Load Libraries and Data

library(readr)
library(dplyr)
library(plotly)

hr <- read_csv('https://raw.githubusercontent.com/aiplanethub/Datasets/refs/heads/master/HR_comma_sep.csv')

# Convert 'left' to a labeled factor for readability in plots
hr$left_label <- ifelse(hr$left == 1, "Left", "Stayed")

head(hr)
## # A tibble: 6 × 11
##   satisfaction_level last_evaluation number_project average_montly_hours
##                <dbl>           <dbl>          <dbl>                <dbl>
## 1               0.38            0.53              2                  157
## 2               0.8             0.86              5                  262
## 3               0.11            0.88              7                  272
## 4               0.72            0.87              5                  223
## 5               0.37            0.52              2                  159
## 6               0.41            0.5               2                  153
## # ℹ 7 more variables: time_spend_company <dbl>, Work_accident <dbl>,
## #   left <dbl>, promotion_last_5years <dbl>, Department <chr>, salary <chr>,
## #   left_label <chr>

Chi-Square Test 1: Department vs. Left

1. Perform the Chi-Square Test

chisq.test(hr$Department, hr$left)
## 
##  Pearson's Chi-squared test
## 
## data:  hr$Department and hr$left
## X-squared = 86.825, df = 9, p-value = 7.042e-15

2. Technical Interpretation

The p-value is extremely small (well below 0.05), meaning the probability of observing this association between department and attrition by random chance alone is essentially zero. We reject the null hypothesis that department and employee attrition are independent.

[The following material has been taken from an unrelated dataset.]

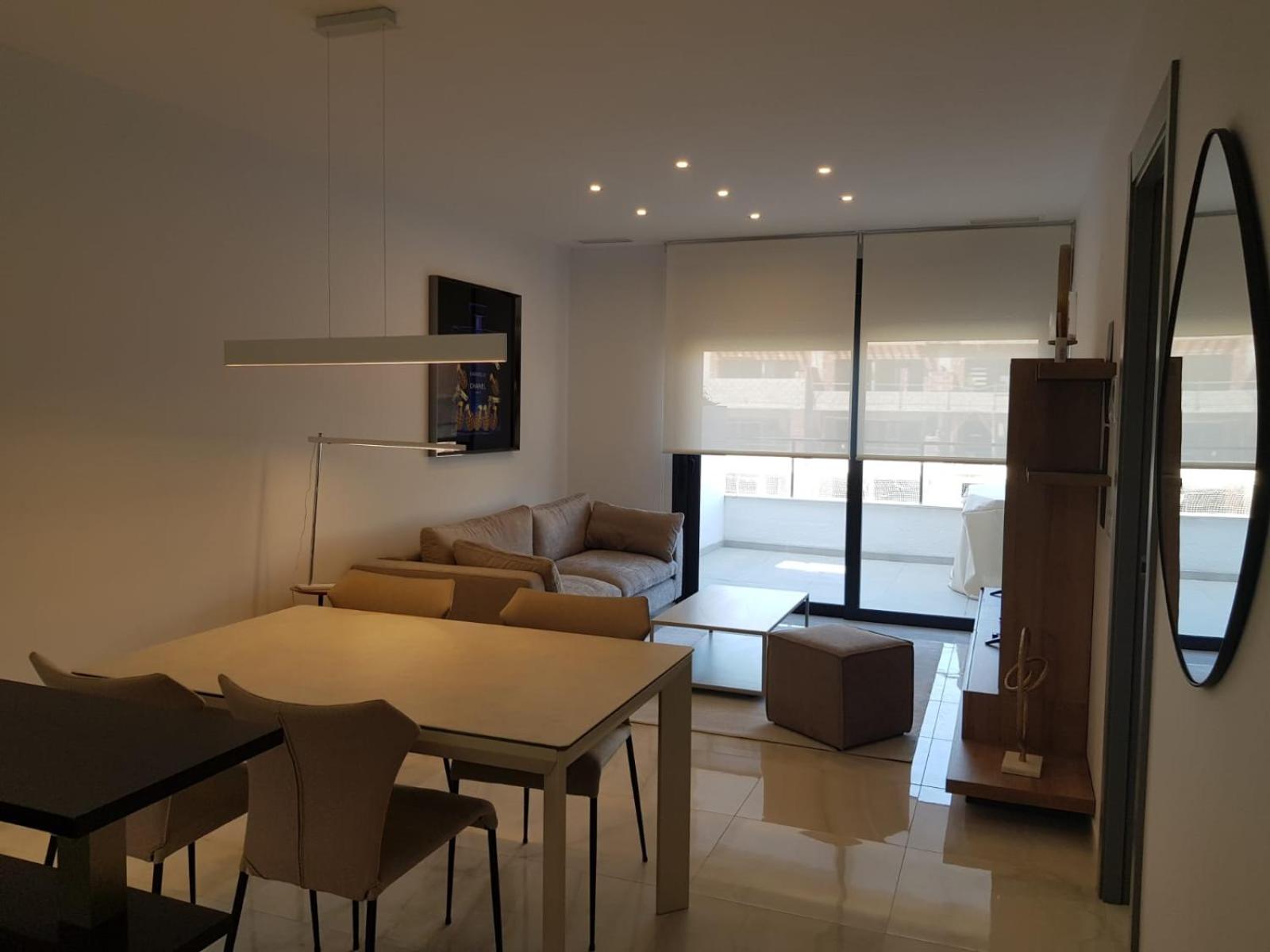 Apartamento Penthouse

3. Non-Technical Interpretation

Employees in certain departments — particularly HR and accounting — are significantly more likely to leave the company than those in technical or management roles.

4. Visualization

prop_dept <- hr %>%
  group_by(Department) %>%
  summarise(
    Stayed = sum(left == 0) / n(),
    Left   = sum(left == 1) / n()
  )

plot_ly(prop_dept) %>%
  add_bars(x = ~Department, y = ~Stayed, name = "Stayed",
           marker = list(color = "#2ecc71")) %>%
  add_bars(x = ~Department, y = ~Left, name = "Left",
           marker = list(color = "#e74c3c")) %>%
  layout(
    barmode = "stack",
    xaxis = list(title = "Department", tickangle = -30),
    yaxis = list(title = "Proportion", tickformat = ",.0%"),
    title = "Employees in HR and Accounting are more likely to leave the company"
  )

Chi-Square Test 2: Salary Level vs. Left

1. Perform the Chi-Square Test

chisq.test(hr$salary, hr$left)
## 
##  Pearson's Chi-squared test
## 
## data:  hr$salary and hr$left
## X-squared = 381.23, df = 2, p-value < 2.2e-16

2. Technical Interpretation

The p-value is extremely small (far below the 0.05 significance threshold), indicating strong statistical evidence that salary level and employee attrition are not independent. We reject the null hypothesis.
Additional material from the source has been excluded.